A piece in today’s Times:
The country’s former top prosecutor approved a controversial policy for rape cases in an effort to counter bad publicity around four prominent acquittals, campaigners have told judges.
A coalition of women’s groups has claimed that “unlawful” changes to rape prosecution policy led to a “shocking and unprecedented” decline in the rates of cases taken to court.
In a highly unusual move, the Court of Appeal has agreed to hear a judicial review of the Crown Prosecution Service’s policy despite the High Court rejecting an application last year.
The End Violence Against Women coalition says that between 2016 and 2018, senior CPS officials changed the way that cases of alleged rape and serious sexual assaults were considered by prosecutors, leading them to become more risk-averse. The legal challenge argues that those actions were unlawful and led to “systemic illegality”.
In written submissions to the court, lawyers for the coalition said that Dame Alison Saunders, then director of prosecutions, allowed concern over adverse publicity about four failed prosecutions five years ago to colour her thinking when agreeing to the policy change. The lawyers highlighted a comment from Dame Alison’s witness statement in which she said that “adverse publicity around specific cases may have been part of the background to discussions at this time”.

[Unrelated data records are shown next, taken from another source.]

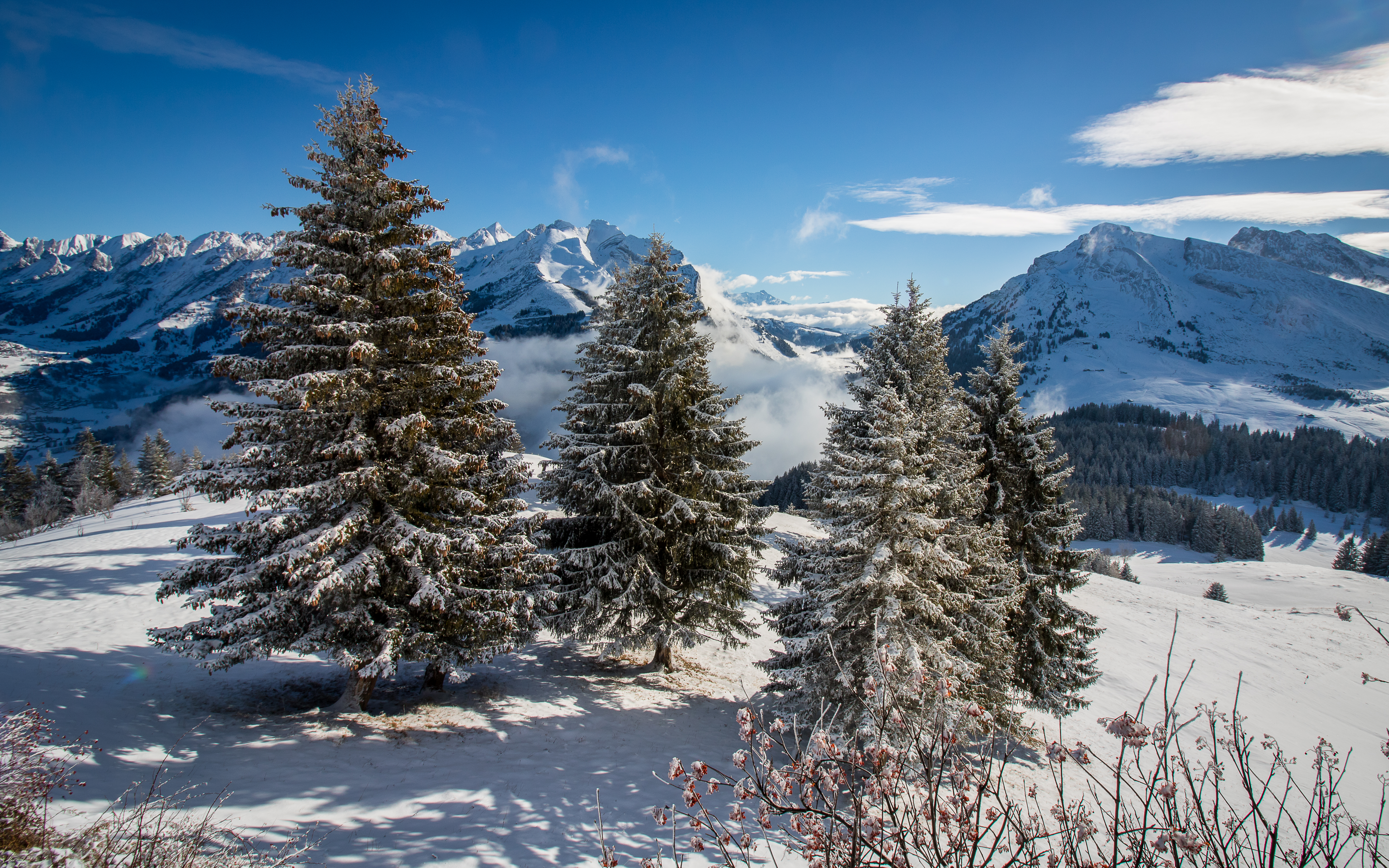 147640 Hintergrundbild herunterladen schnee, natur, mountains, fichte, fir - Bildschirmschoner und Bilder kostenlos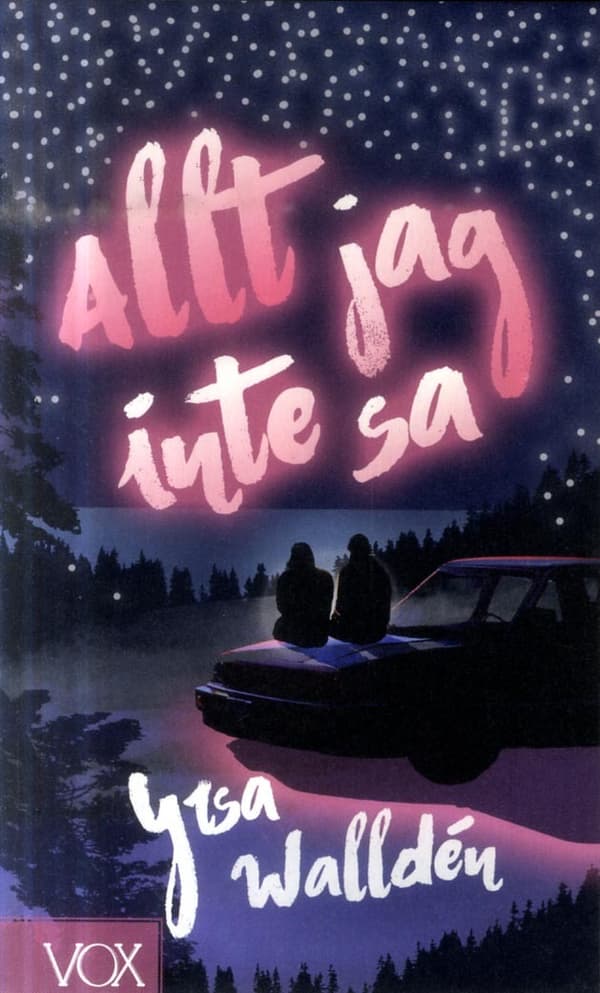 Allt Jag Inte Sa (Bok)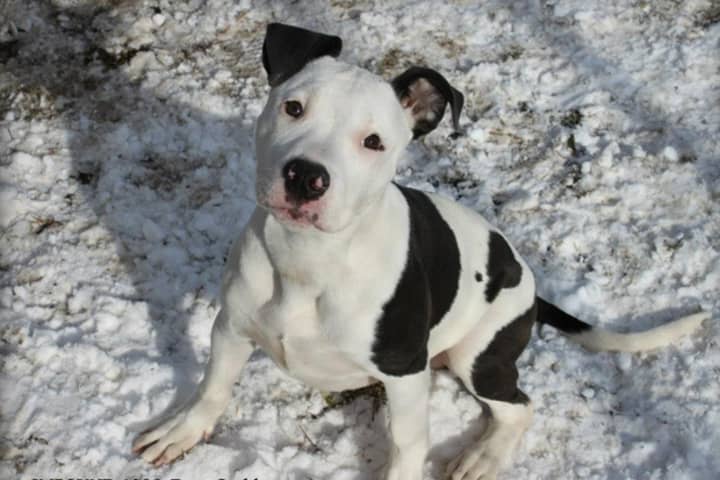 Mason, a 5-month-old bully breed mix, is available for adoption through Wesptort Animal Shelter Advocates.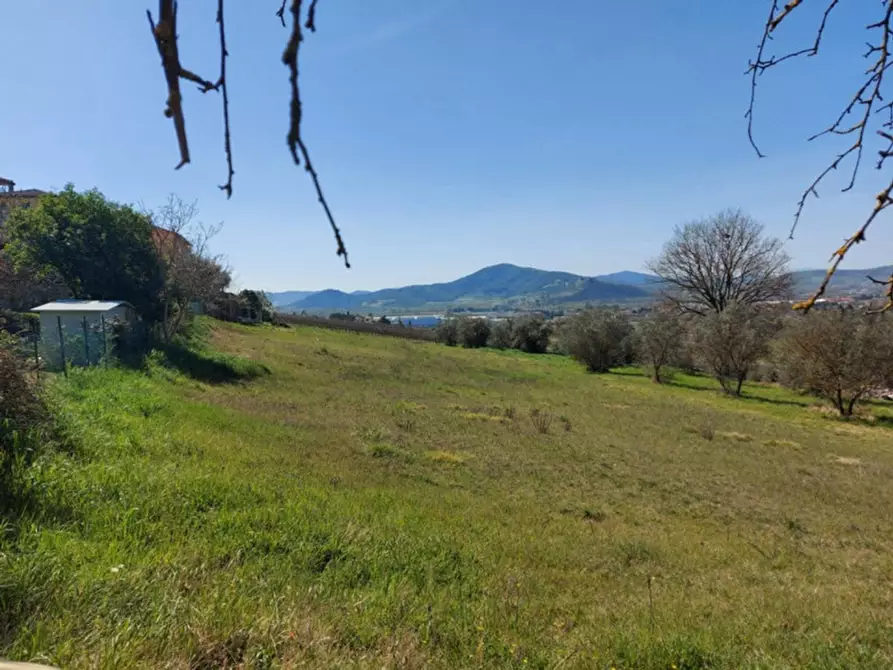 Immagine 5 di Terreno in vendita  in località Villa, N. snc a Magione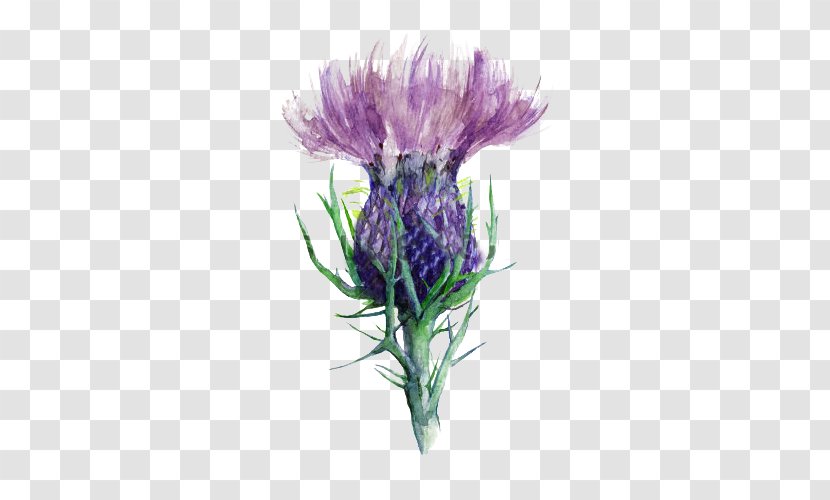 Scotland Milk Thistle Flower - Hand-painted Picture Material Transparent PNG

Dame Alison went on to say that a decision to hold a series of roadshows to explain the policy to staff “was based upon the bigger picture consideration of decision making across the CPS in serious sexual offences”.
In their submissions the coalition’s legal team said that “regardless of exactly how these four cases factored into the DPP’s analysis . . . any reliance that was placed upon them to justify the actions was wholly misplaced”.
They claimed that in 2015-16 the CPS completed 4,643 prosecutions and that therefore the four cases resulting in acquittals “represented a total of 0.08 per cent” of cases prosecuted that year.
The CPS is opposing the challenge and says there has been no shift in approach.
Phillippa Kaufmann, QC, representing the applicants, told the three senior judges that up to 2016, prosecutors were told to take an “objective approach” to rape cases. It was “drummed into prosecutors over six years” to use a merits-based approach or MBA to “ensure an evidential-based approach”.
Ms Kaufmann said that from September 2016 it was decided to take a “fundamentally different course” and “do away” with the MBA, which created a risk that prosecutors ended up not prosecuting cases that did meet legal tests to do so.
She said that from November 2016, prosecutors were “trained away” from the MBA, particularly during the roadshows.
Both the volume of rape cases charged and the charging rate had fallen since 2016-17, she added. Between 2009-10 and 2016-17, an average of 3,446 rape cases were charged each year, slipping to 2,822 in 2017-18.
In addition the charging rate “declined precipitously” from 56 per cent in 2016-17 to 47 per cent in 2017-18 and 34 per cent in 2018-19.
The hearing, before Lord Burnett of Maldon, the lord chief justice, Lord Justice Holroyde and Lady Justice Elisabeth Laing is expected to finish today and judgment is likely at a later date.